KOMPLOCULAR KASETLERLE SALDIRIYA GEÇTİLER…
15 yıl önce Kürt Halk Önderi Abdullah Öcalan’ın Suriye’den çıkışına, dört ay sonra da esaret altına alınmasına yol açan 9 Ekim 1998 komplosunu bilmeyenimiz yoktur. Komplonun tersine dönmesiyle, komplonun mimarları tüm güçleri ile Kürtleri ve Türkleri tekrardan nasıl çatıştırırız mesaisine girdiler. Bu çatıştırmanın 1. Yolunun da Öcalan’ı devreden çıkarmak olduğunu iyi biliyorlar.
Tarikatın basına sızan konuşmasında "Bu kongre sonrası (Ulusal Kürt Kongresi kastedilyor) İmralı (Öcalan) bertaraf edilecek, artık tekrar silahlı ve çatışmalı bir dönem geliyor, Barzani de bertaraf edilecek, Erdoğan da bertaraf edilecek." Metnin tamamı için dip not (x1) bakınız…
Komplonun mimarları bugün Fettullah Tarikatının arkasında duran ve Türkiye’ye darbe yapmaya çalışan güçlerin ta kendileriydiler. Kürtler ve Türkler el ele verip komployu boşa çıkarınca komployu boşa çıkaran Öcalan, Erdoğan gibi insanlar MİT gibi kurumlar komplocuların 1.hedefi olmaya başladılar.
Komplocular yeryüzünde 100 milyondan fazla Kürd’ün iradesini teslim alıp Kürt halkının değerleriyle oynamaktan zevkten dört köşe oldular. Kürtleri aşağılamak, soykırıma tabi tutmak, yeryüzünde silmeye çalışmak… o kadar ileri gittiler ki insanlık tarihinde 2.bir örneği yok. Kürtlere dayatılan soykırımın bir benzerini şu anda Suriye’de her gün canlı izliyoruz…
Esaret koşulları altında biyolojik silahlar dahil saldırdıkları Öcalan’ın sözlerini cımbızla çekip kaset olarak piyasaya sürmeye başladılar. Hayatını halkların kurtuluşuna adayan çağımızın en önemli liderini itibarsızlaştırmak için 24 saat çalışıyorlar. Kürtler bu duruma müdahale etmedikçe bunlar günden güne azmaya başlayacaklar. Kürtlerin içindeki (tarikatvari hainleri piyasaya salacaklar) hainleri harekete geçirip Öcalan’ı nasıl etkisiz bir hale getiririz planını devreye koymaya çalışacaklar.

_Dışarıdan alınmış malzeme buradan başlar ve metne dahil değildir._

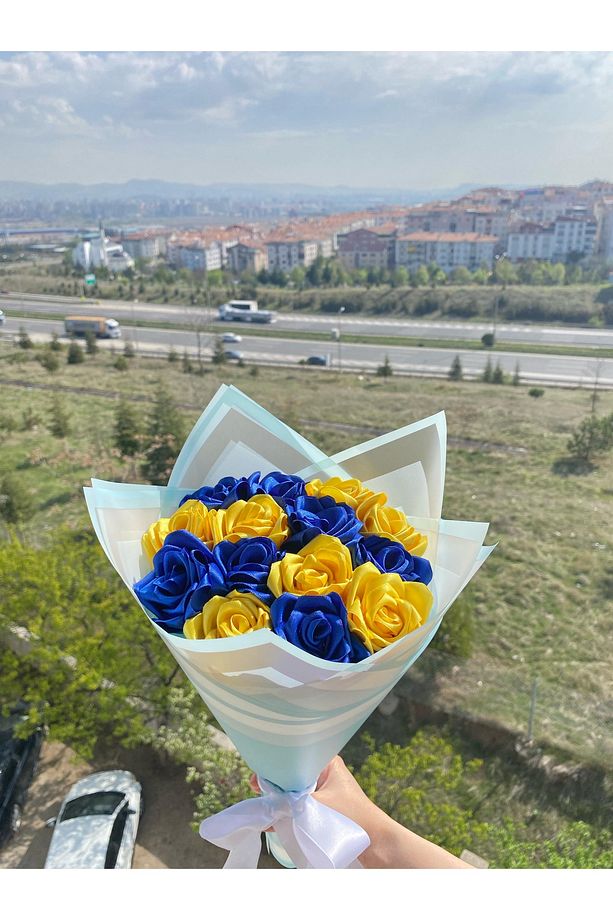 Senden Önce Senden Sonra Çiçek Buketi Solmayan Yapay Gül Buketi Fenerbahçe (NOT YAZILIR) 14 Adet - 4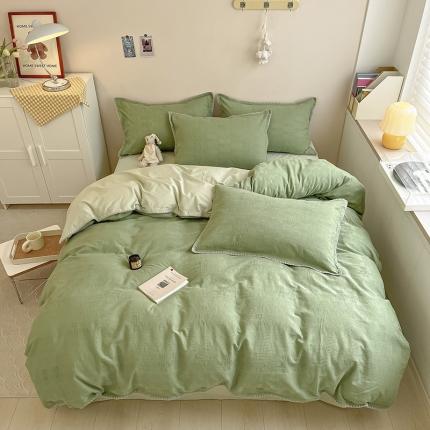 91家纺网 家纺一手货源 找家纺 静家居 202460s华夫格提花贝壳针四件套-保罗 保罗小熊绿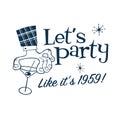 Vintage style clip art inspired by mid-century illustrations - Let`s party like it`s 1959!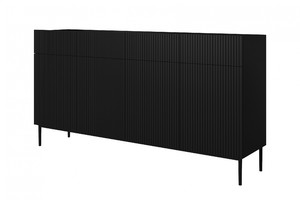 Cabinet with 4 Doors & 4 Drawers Nicole 200cm, matt black, black legs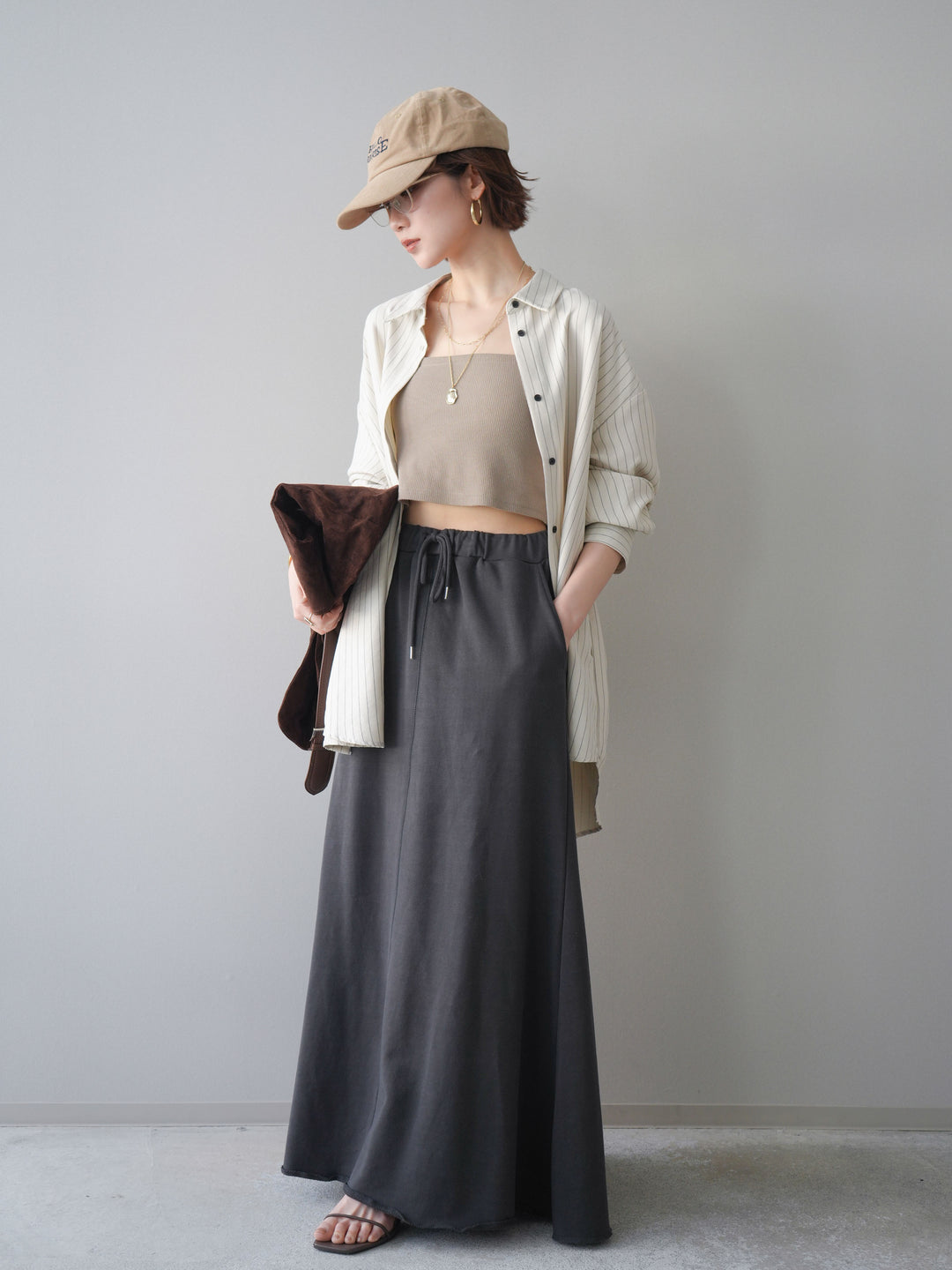 [SET]2WAYカシュクールストライプブラウス+スウェットフレアロングスカート(2set)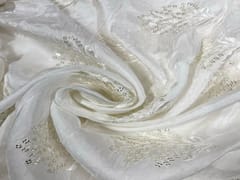 Dyeable Embroidered Uppada Silk White Silver Flowers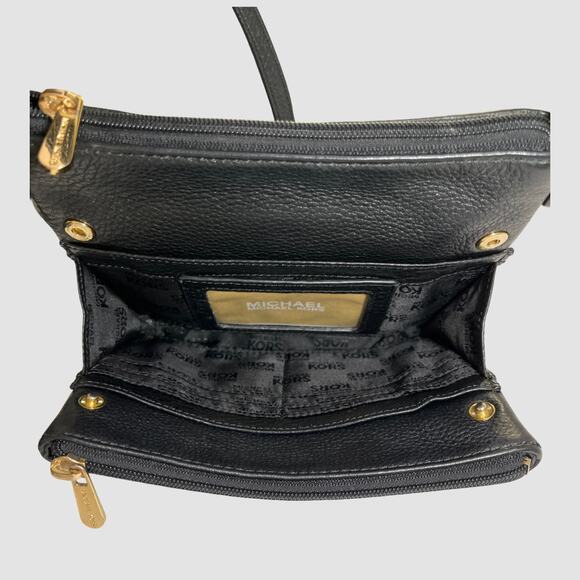 Michael Kors Jet Set Travel Crossbody Black Pebbled Leather Gold MK Logo - Picture 4 of 13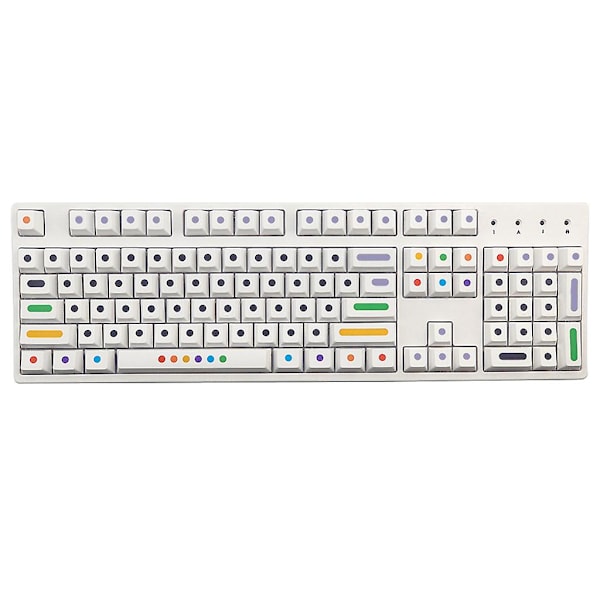 128 tangenter vit färg prickar färgning sublimering keps för mekaniskt tangentbord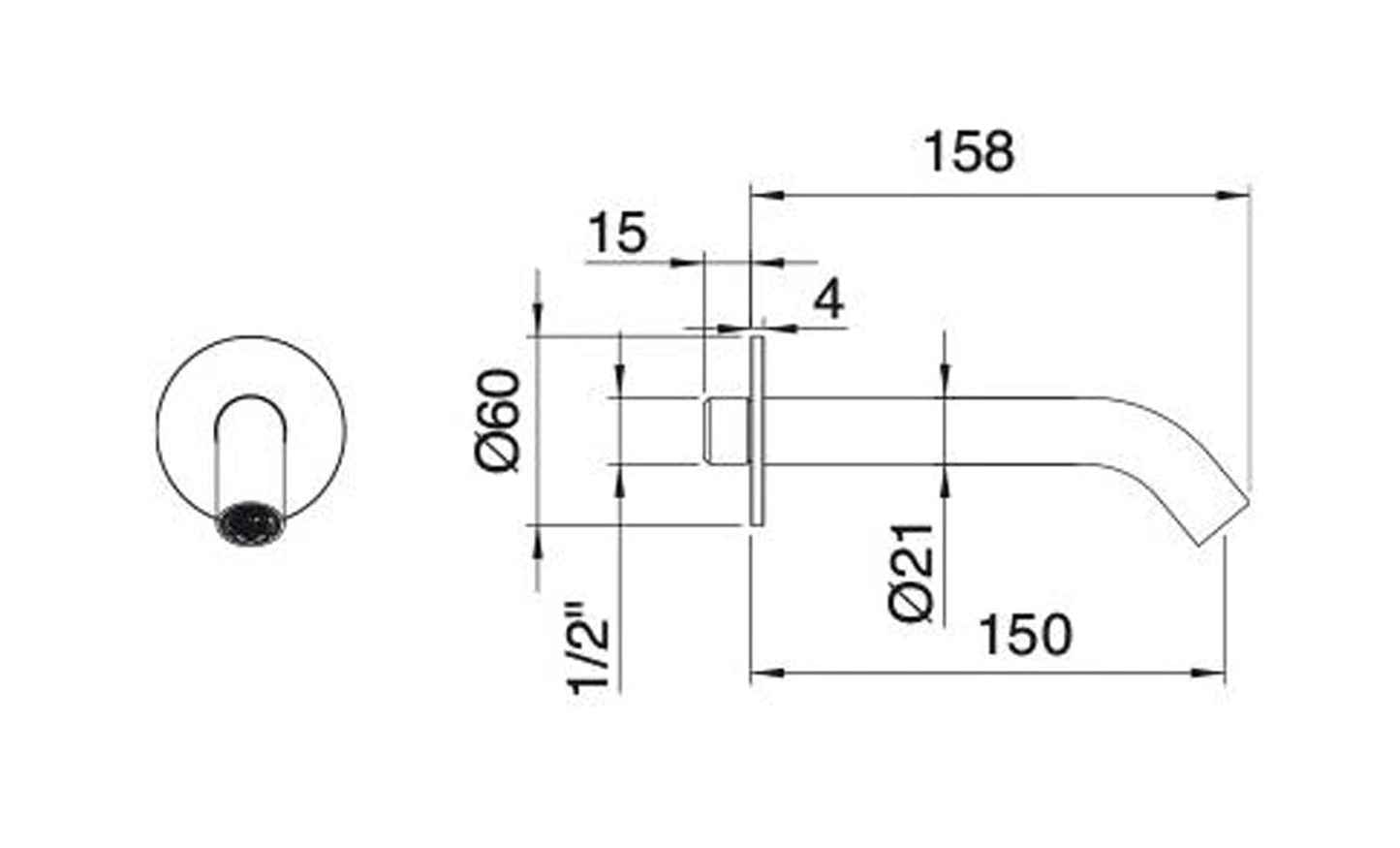 Rubinetterie Treemme 40MM Bocca Getto Erogazione Acqua A Muro 150 mm Stile Moderno Materiale Acciaio Finitura Acciaio Spazzolato Opaco Inox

Komplocular Kürt ve Türk halkını aptal zannediyorlar. Öcalan’a komployu kuranlar, hala kaset vb. argümanlarla komplolarına devam ediyorlar. Hala Türkiye’yi nasıl yıkarız, Kürtleri-Türkleri nasıl çatıştırırız diye oyun üstüne oyun kuruyorlar…
Dün Öcalan’ı esaret altına alıp Kürt halkının iradesi ile oynayan güçler, bugünde gezi, 17 aralık, 28 şubatlar… bin bir oyun kurarken, oyunları boşa çıktıkça Öcalan’a saldırmayı gelenek haline getirdiler. 15 yıl önce komplo günümüzde ise Kasetlerle…
Buda Doğu Perinçek-İşçi Partisi, Fetullah Tarikatı, Doğan Medyası, Tüsiad’ı benzeri örgütlerin yeminli halk düşmanları olduğunu ortaya koyduğu gibi bu örgütlerin Siyonist-Katil Kapitalin Ortadoğu ve İslam dünyasındaki halkların bir numaralı düşmanları olduğunu ortaya koymaktadır. CHP ise bunların siyasi ortağı olmaya başladı…
Abdullah Öcalan’a saldırmalarının temel nedeni Kanuni (Osmanlı) den beri bu bölgeye sızan, 300-400 yıldır süren “Derin Siyonist İşgali” halkların birliği ve kardeşliği projesiyle Öcalan şahsında Kürtlerin bu Siyonist planı yok etmesidir. Bu plan çerçevesinde rahmetli Erbakan, Menderes, Özal gibi büyük insanların yanı sıra birçok güvenlik elemanı, bilim adamı, firmalar, aileler yok edildi, Kürtler ise tarihten silinmeye çalışıldılar…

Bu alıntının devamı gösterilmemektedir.